Est-ce le désir de mettre en perspective les dessins du XVIIe qui a décidé les commissaires d’exposition Emmanuelle Brugerolles et François Bouillon à établir un parallèle avec des dessins d’artistes les plus contemporains possibles ? Il s’agit sans aucun doute pour nous de renouveler constamment notre regard, de savoir tirer le meilleur de l’académisme et d’exercer notre regard à la lumière de ces deux époques séparées par presque quatre siècles désormais. Le dessin du XVIIe dans les collections de l’Ecole des Beaux-Artsmet à l’honneur l’influence des écoles, en particulier celle de l’Académie royale et de Rome, avec des peintres et dessinateurs d’une veine sensiblement différentes. Parmi tous les artistes exposés, le peintre néoclassique Nicolas Poussin, le théoricien et peintre de Louis XIV Charles Le Brun ou le paysagiste Le Lorrain sont les plus connus. Dessin en cours…, quant à elle, expose des étudiants ; la sélection est des plus intéressantes et des plus enthousiasmantes ! On est impressionné par la facture des différentes œuvres qui, même réalisées dans des médias divers, nous interrogent toutes sur le processus du dessin et de la représentation.

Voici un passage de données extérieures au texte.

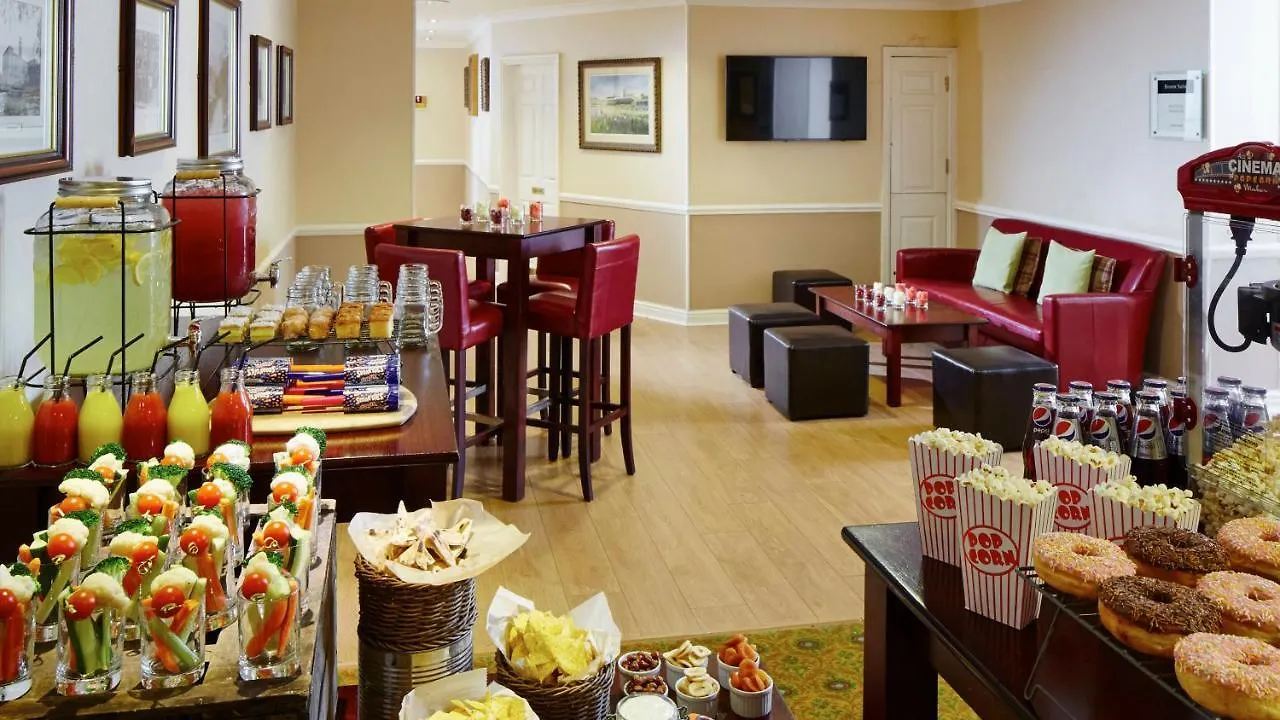 Hollins Hall Hotel, Golf & Country Club Bradford  Velká Británie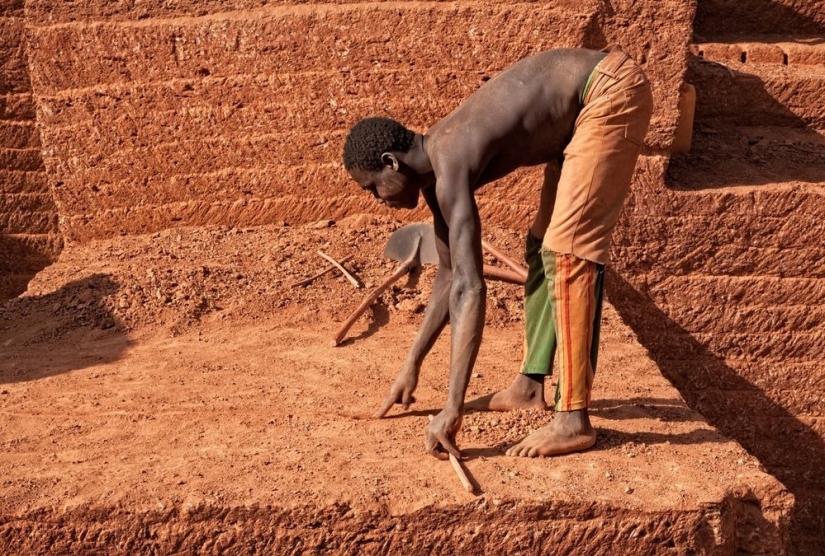 Cómo se extrae el ladrillo en Karaba, Burkina Faso Cómo se extrae el ladrillo en Karaba, Burkina Faso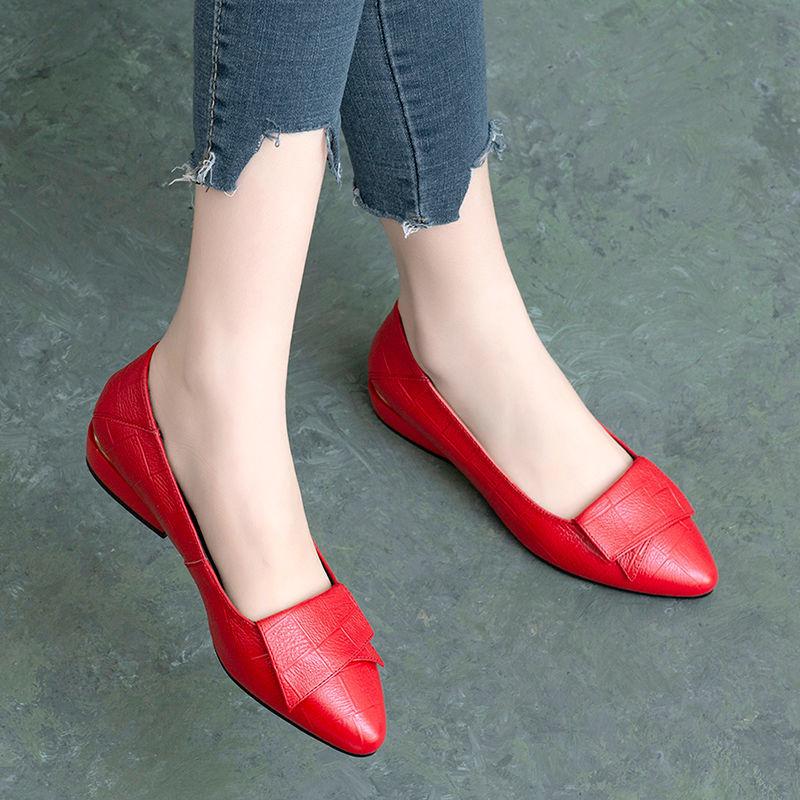 Flat Single Shoes Women Shallow Mouth Thick Heel Pointed Toe Women's Shoes Soft Leather Soft Sole All-match Leather Shoes Work Shoes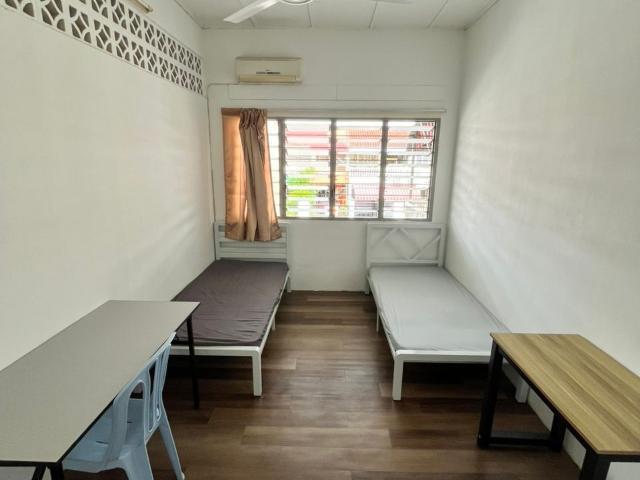 SS2 PETALING JAYA@SEA PARK MIDDLE ROOM FOR RENTWalking Distance To TAMAN PARAMOUNT LRT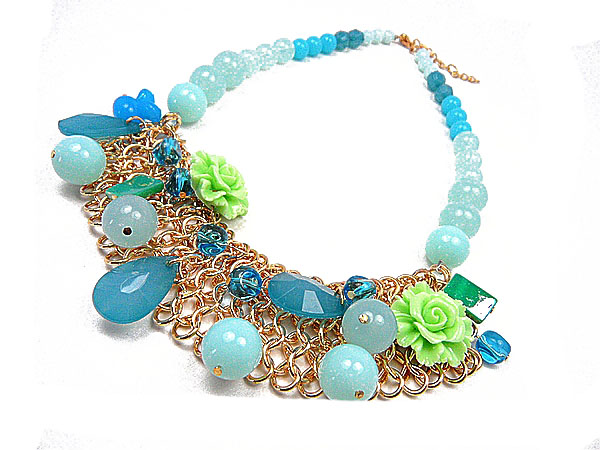 fashion beautiful necklace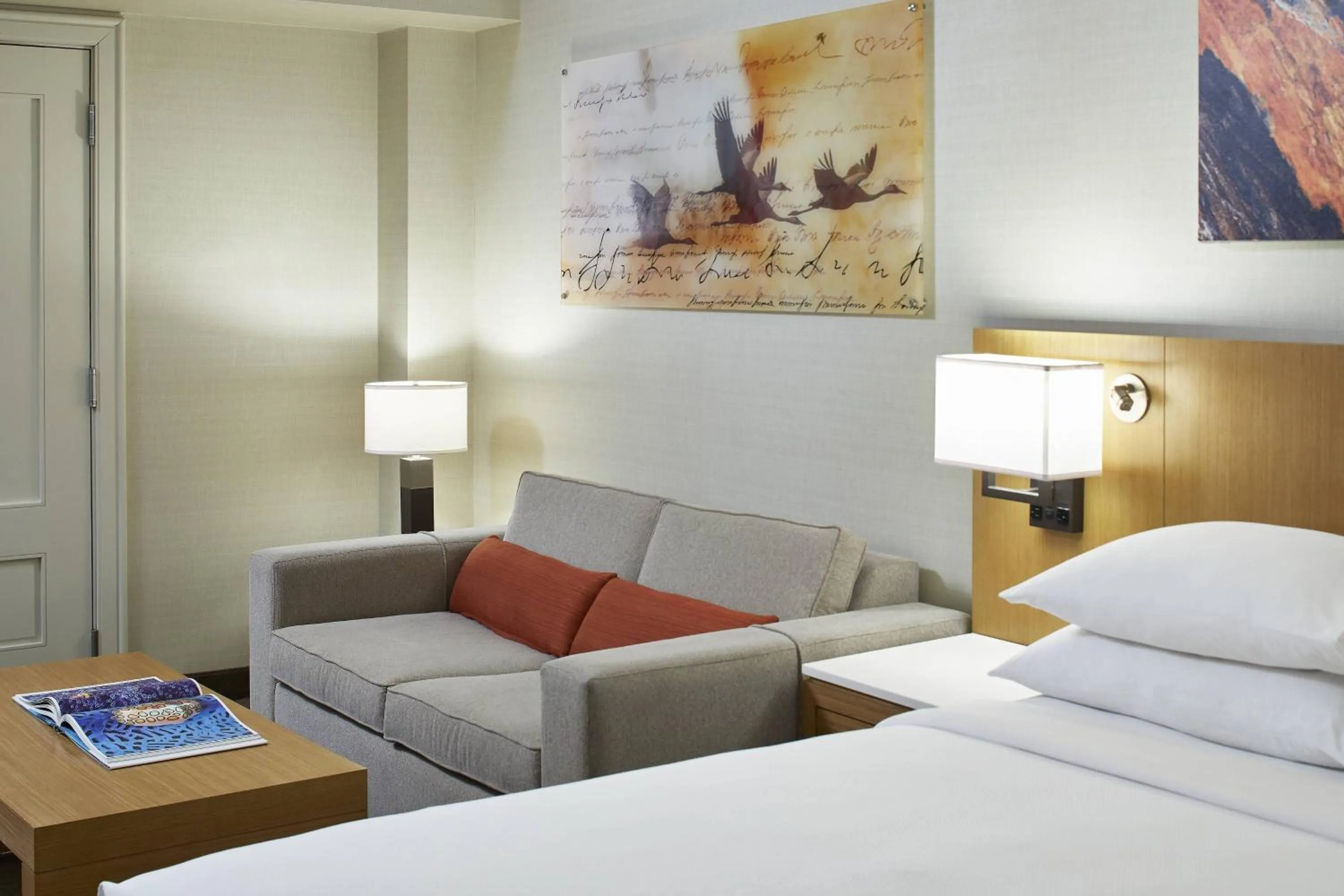 Bedroom, Bed in Renaissance Chicago Glenview Suites Hotel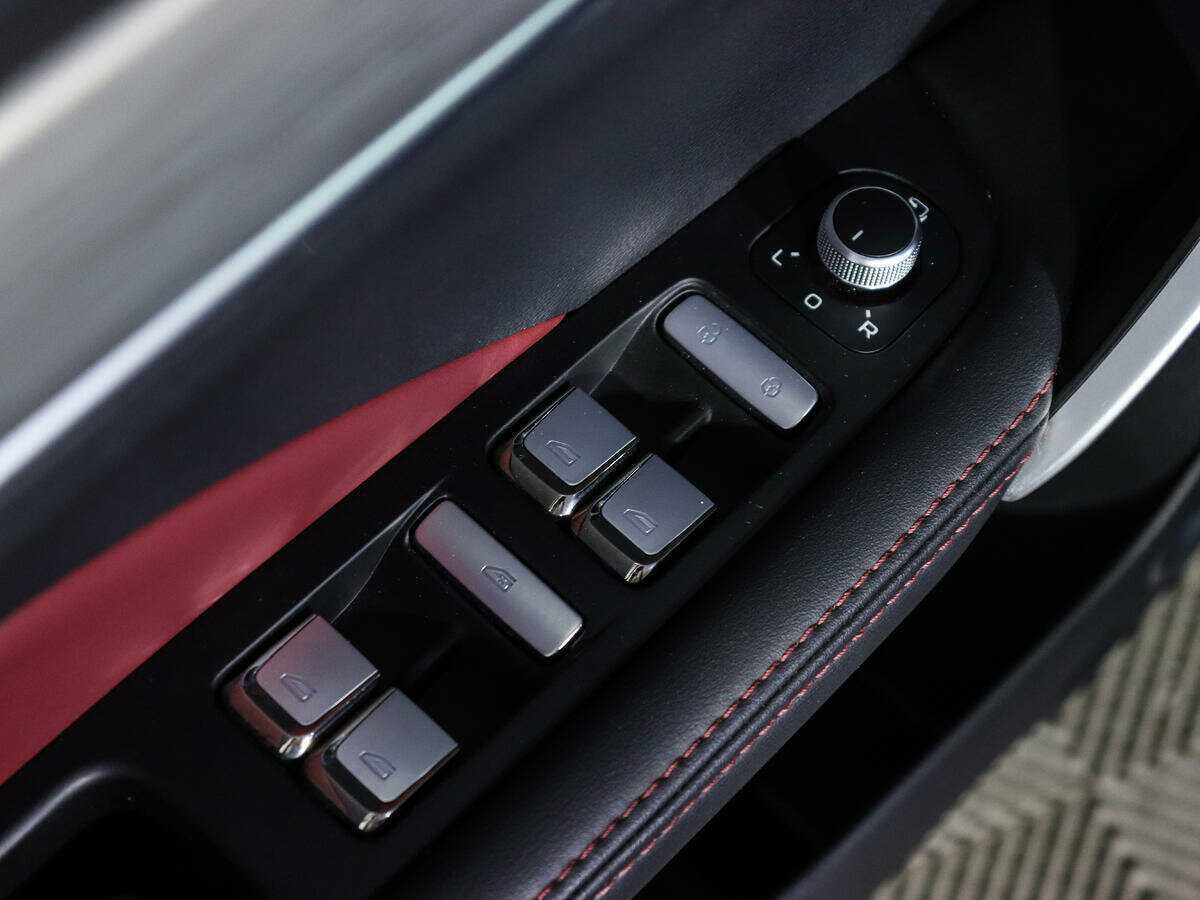 Geely Coolray с пробегом — 2021 год. Фото: #18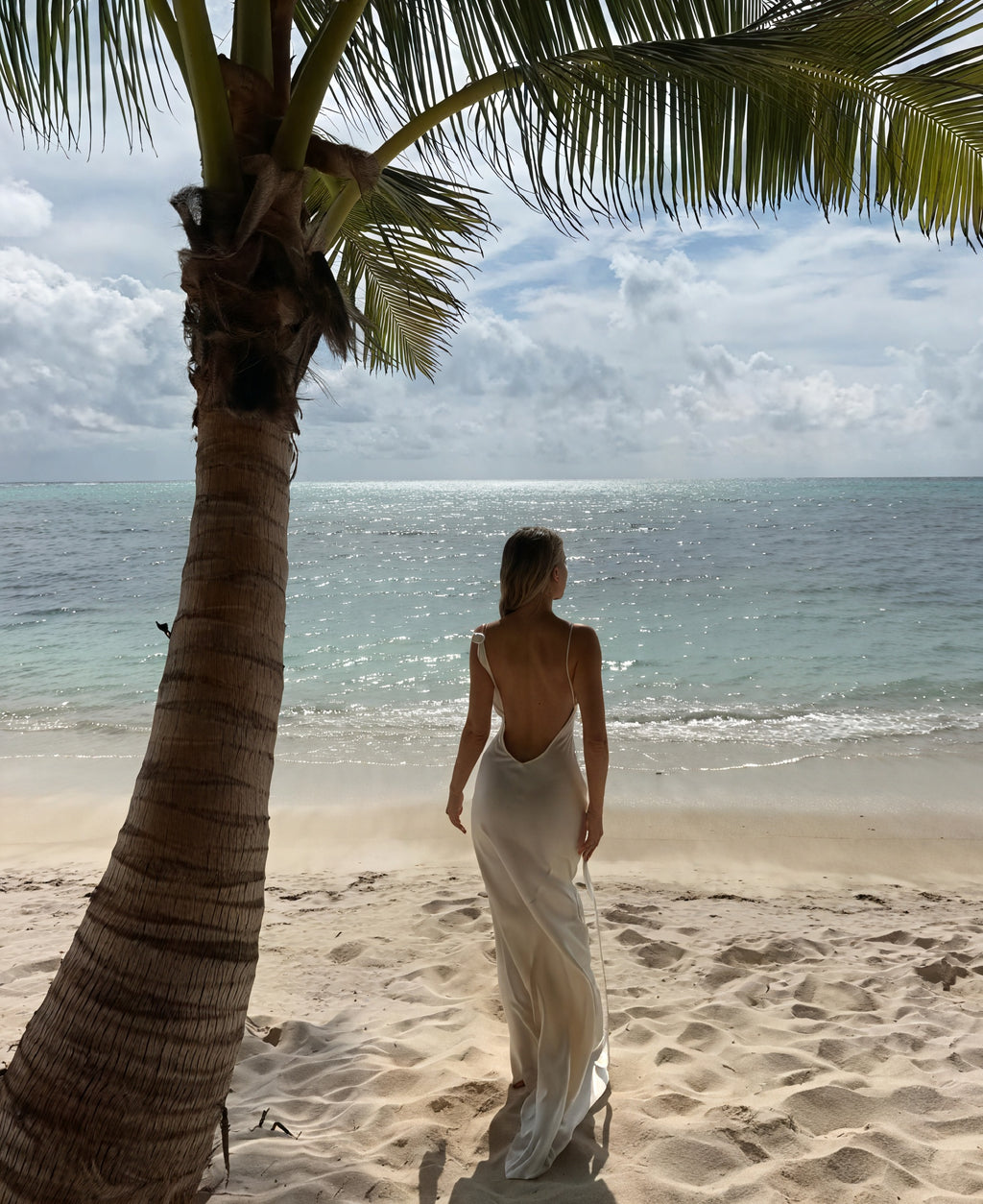 Abito Lungo Raso Donna – Scollo a Cascata, Spalline Sottili, Elegante-83831-610f5277-d8b1-4e99-8d77-62c2da09c20f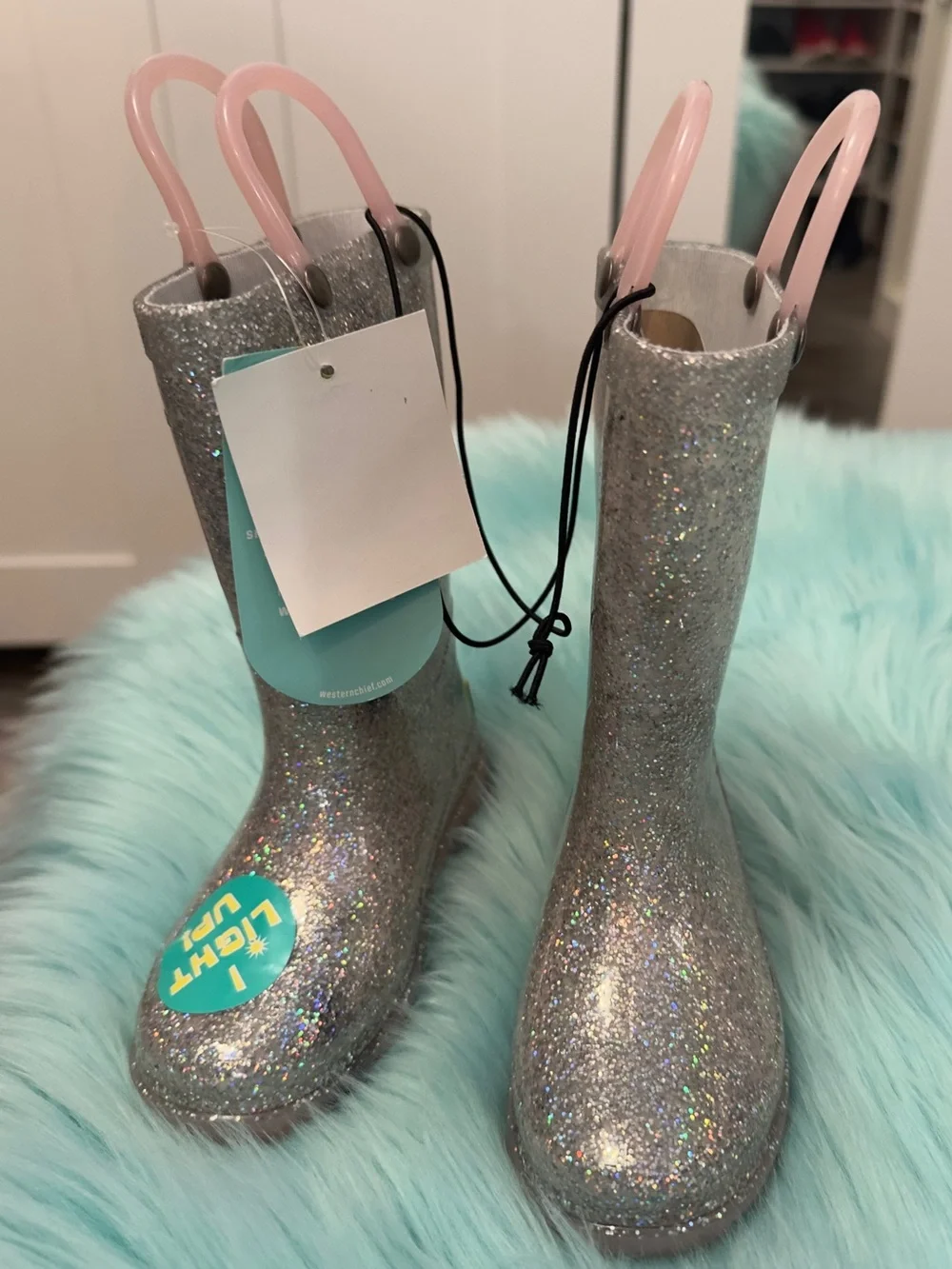 Toddler Girl Light Up Glitter Silver Rose Light Up Rain Boots Sz 6 NEW!  Flawed!
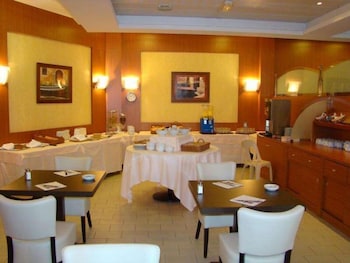 Brit Hotel Du Lac 30/43
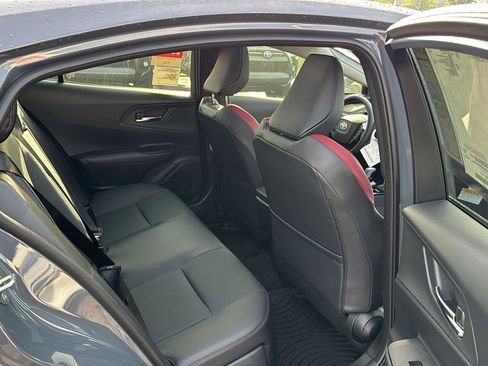 New 2025 Toyota Prius Plug-In Hybrid image 11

Les dessins de Poussin, exécutés entre 1630 et 1650, nous invitent dans l’univers de la mythologie et des scènes bibliques, notamment avec son dessin préparatoire du Jugement de Salomon. On sait combien il a pu influencer Charles Le Brun dans sa formation lorsqu’ils vinrent tous deux à Rome étudier l’art de Raphaèl et la sculpture de l’Antiquité. Ici, c’est pourtant plus sur l’anatomie des corps et la recherche du relief que Charles Le Brun appuie ses recherches. De l’Etude d’ange le bras levé à l’Etude pour un masque de Méduse, il s’ingénie à construire des projets de décors peints ou en stuc, d’hôtels particuliers ou d’églises. Le Lorrain, surnom de Claude Gellée, nous emmène encore dans les paysages classiques et romantiques qui rappellent deux moments de sa vie : le séjour à Rome comme assistant du paysagiste Agostino Tassi et celui à Naples, élève du miniaturiste allemand Gottfried Wals.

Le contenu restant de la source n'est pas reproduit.